Namun parahnya pihak Polda Sumut menghalang-halangi hak Penasehat hukum dengan berdalih melakukan pendataan.
Tidak ujuk-ujuk menerima pernyataan Polda Sumut, LBH Medan dan Kontras Sumut terus menyampaikan argumentasi hukumnya untuk dapat diberikan askses pendamping.
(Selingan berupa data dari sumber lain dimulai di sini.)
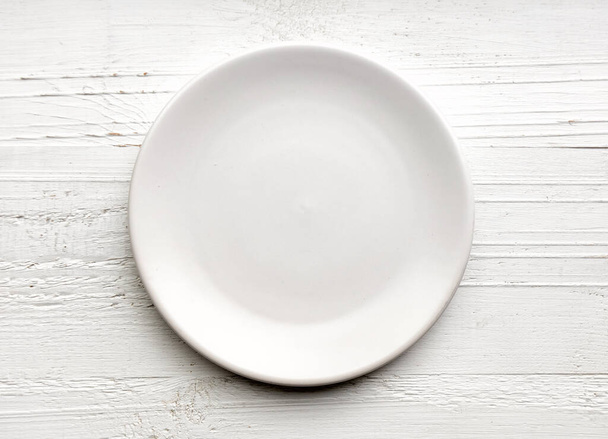 leerer weißer Teller auf weißem Holzhintergrund, Draufsicht - Foto, Bild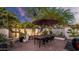 Charming brick patio with outdoor dining set, desert plants, and ambient lighting at 5714 N 11Th St, Phoenix, AZ 85014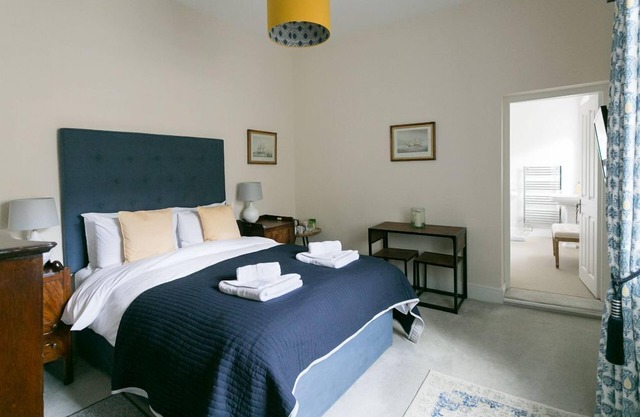 Luxury King bedroom with ensuite bathroom in a wing of a private Country House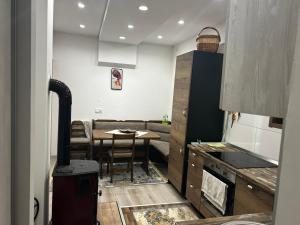 a kitchen with a table and a dining room at Vila Lush in Sarajevo +1 photo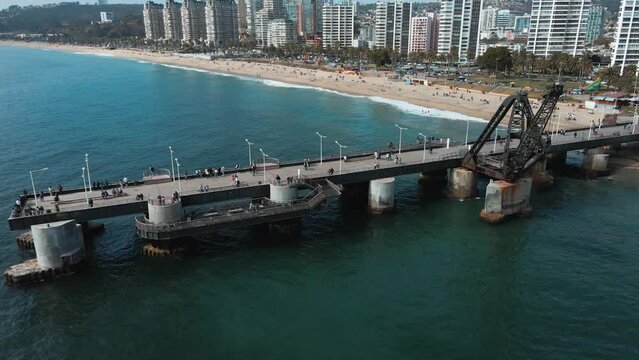 Aerial dolly in of people walking in Vergara pier in turquoise sea near El Sol beach sand shore, Vi&ntilde;a del Mar buildings in background, Chile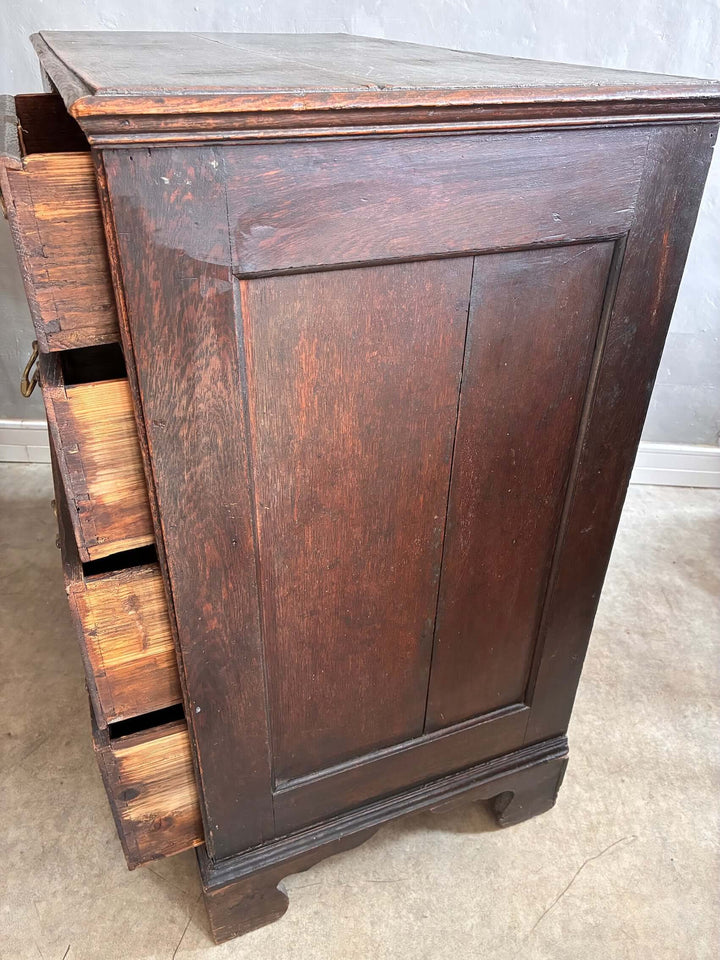 Antique Oak Georgian Chest of Drawers with classic design and brass escutcheons, featuring spacious drawers and bracket feet.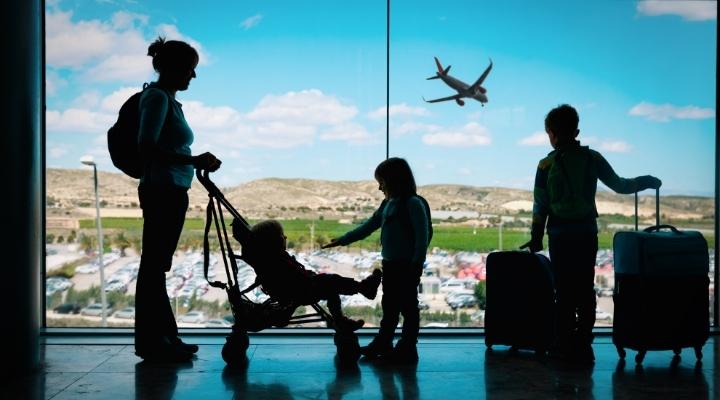 A mom and three kids at the airport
Akan tetapi upaya tersebut tidak dihiraukan Polda.
"Oleh karena itu dapat disimpulkan jika adanya abuse of power yang dilakukan polda Sumut dalam Proses Pemerikasaan para massa aksi dan bertentangan dengan KUHAP," kata Irvan.
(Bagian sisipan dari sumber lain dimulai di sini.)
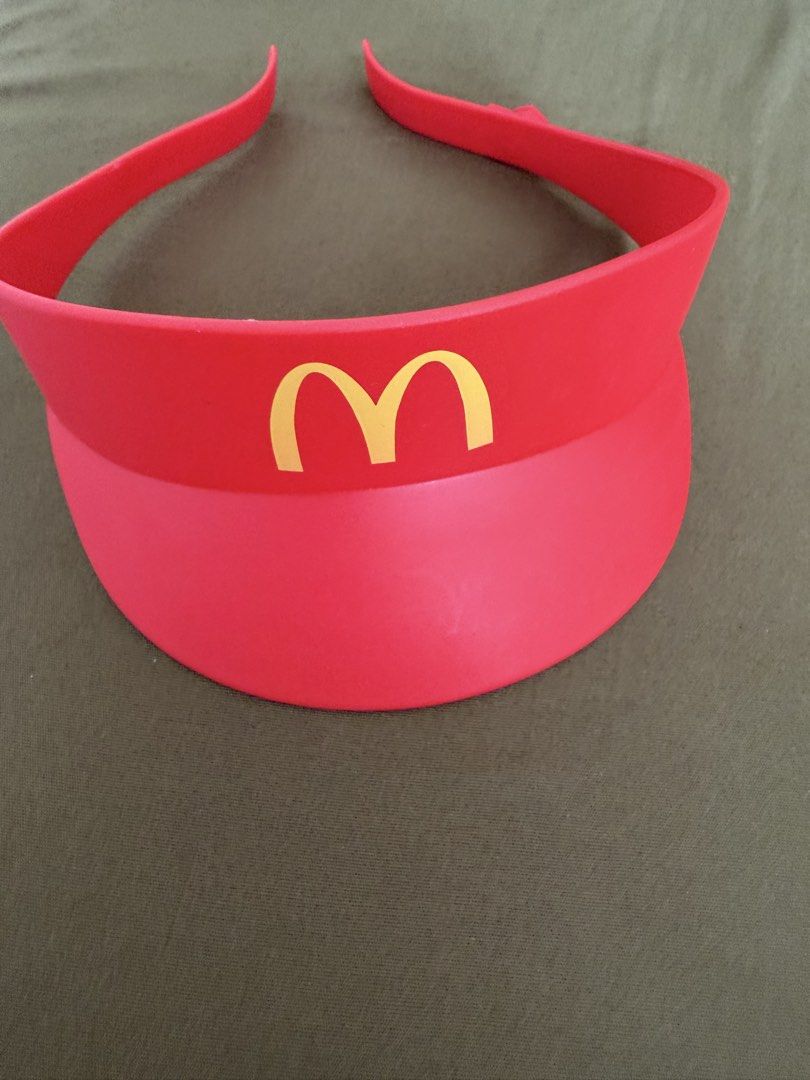 McDonald's Red Visor with Golden Arches Logo (Category: Everything Else Others) located in Manila. Submitted by tipanty2977 (Listing ID 1460948136, Image 2). Description: - Iconic red visor with golden arches logo - Perfect for sunny days - Fun accessory for McDonald's fans and collectors - One size fits most - Easy to wear and clean.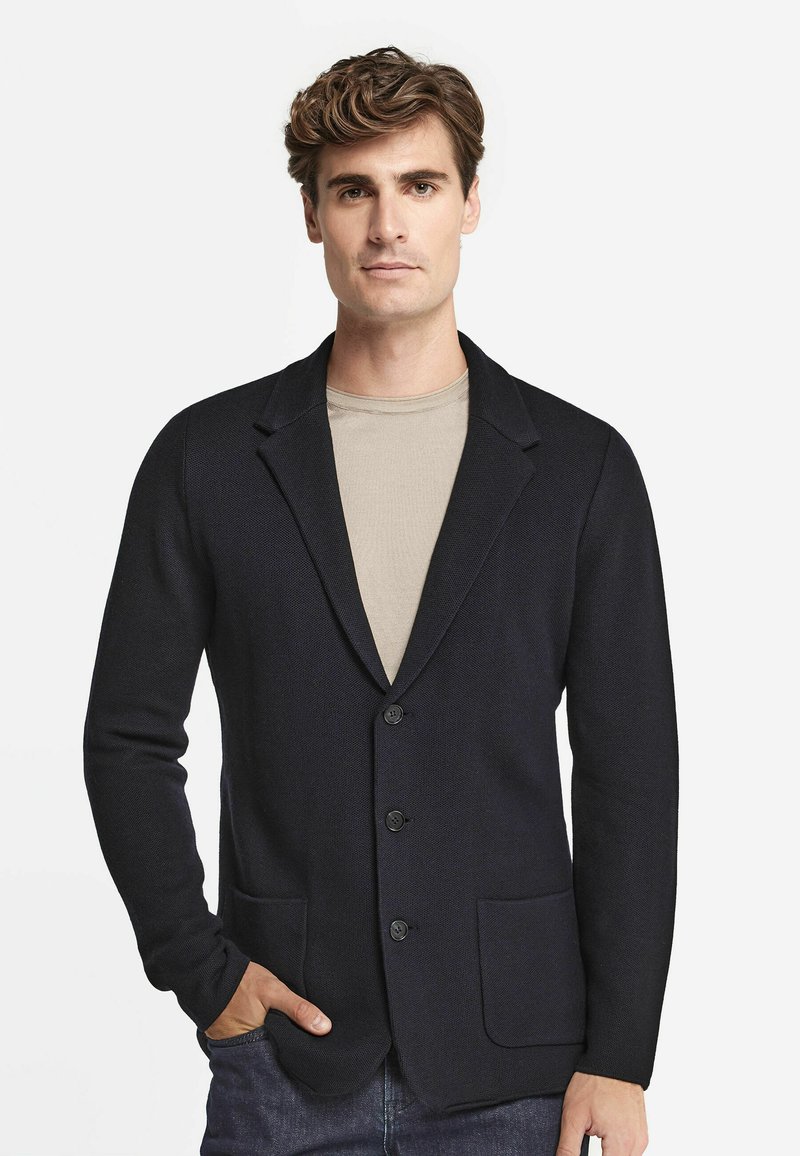 Mörkblå stickad kavaj med sjalkrage, tre knappar och två framfickor, bärs över en ljusbeige skjorta. Slät textur och skräddarsydd passform.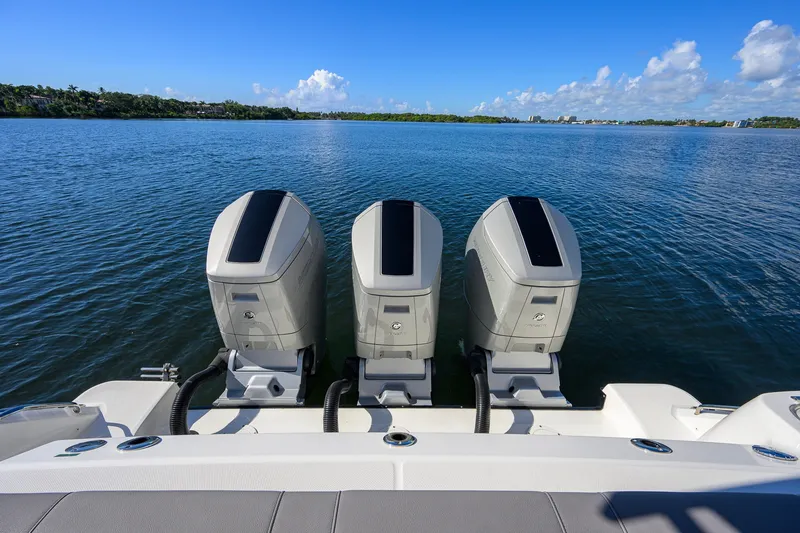 Slide: The Image of 2024 Boston Whaler 42 OUTRAGE with triple outboard engines on calm water. - 45
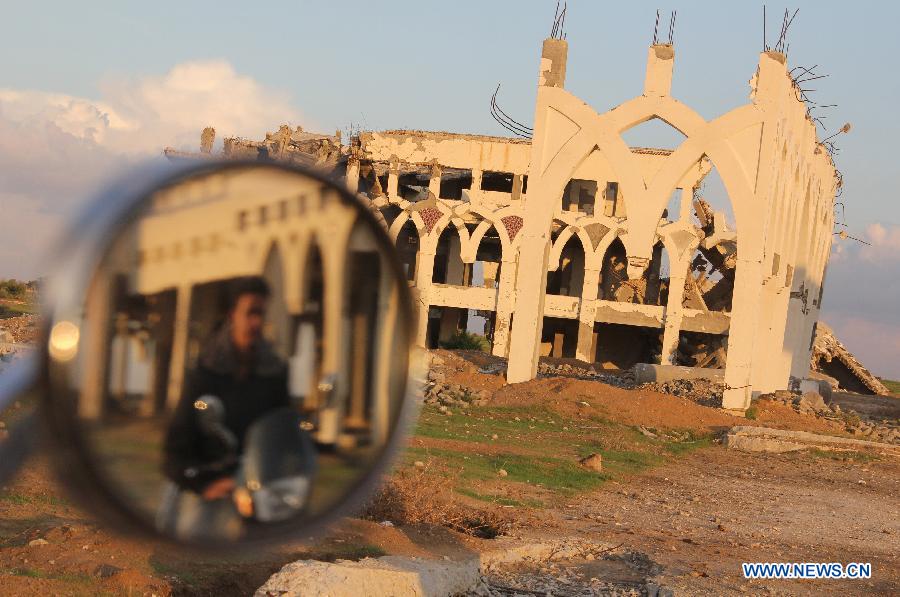 A reflection of a Palestinian motorbike rider is seen at the rubble of the Gaza International Airport in the southern Gaza Strip city of Rafah, on Nov. 25, 2012. (Xinhua/Khaled Omar) 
Bahkan secara hukum penanganan massa aksi yang dilakuan kepolisian diduga telah melanggar Peraturan Kapolri No 8 Tahun 2009 tentang Implementasi Prinsip dan Standar Hak Asasi Manusia Dalam Penyelenggaraan Tugas Kepolisian Negara Republik Indonesia dan Peraturan kepala kepolisian negara republik indonesia nomor 7 tahun 2012 tentang tata cara penyelenggaraan pelayanan, pengamanan, dan penanganan perkara penyampaian pendapat di muka umum.
Di mana secara jelas terjadinya penyiksaan dan tindakan brutal terhadap massa aksi. Serta pengamanan juga dilakukan dengan menggunakan senjata laras panjang yang seyoginya tidak dibenarkan secara hukum.
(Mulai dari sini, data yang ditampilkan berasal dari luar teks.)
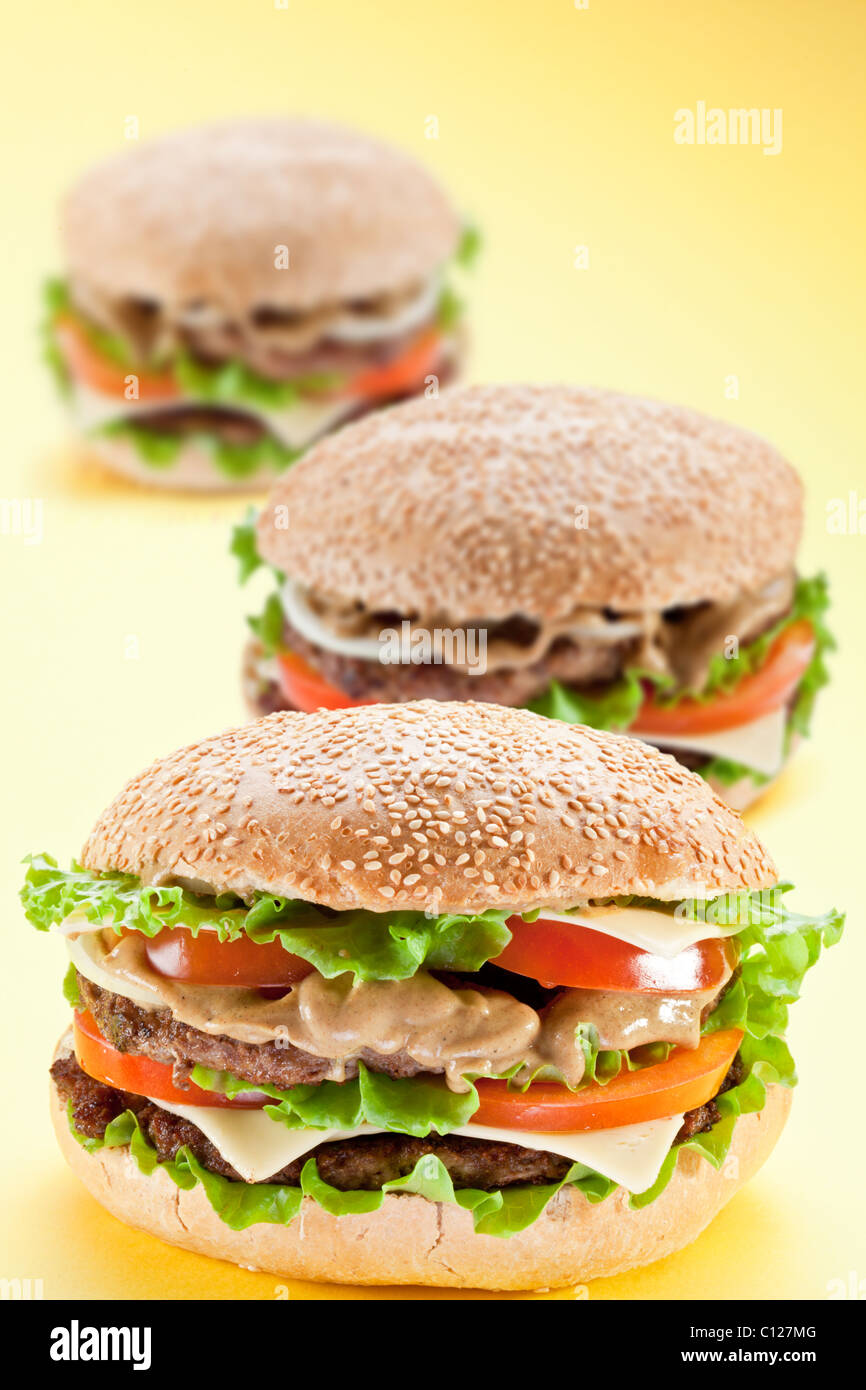 Tres deliciosas hamburguesas sobre un fondo amarillo Foto de stock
Selain itu, LBH Medan menyayangkan ketidakhadiran Ketua DPRD Sumatera Utara beserta anggota dewan lainnya pada saat berlangsungnya demonstrasi, yang kemudian berujung pada tindakan pembubaran dengan kekerasan oleh aparat kepolisian dan Brimob.
Menurut LBH Medan, absennya DPRD dalam momentum krusial tersebut tidak hanya mencerminkan sikap abai terhadap fungsi representasi rakyat, tetapi juga menunjukkan pelemahan peran legislatif dalam menjalankan tanggung jawab konstitusionalnya.
Secara normatif, DPRD sebagai lembaga legislatif daerah memiliki kewajiban untuk menyerap, menghimpun, menampung, serta menindaklanjuti aspirasi dan pengaduan masyarakat.
"Kewajiban ini tidak sekadar bersifat administratif, melainkan merupakan amanat hukum yang melekat pada fungsi DPRD," katanya.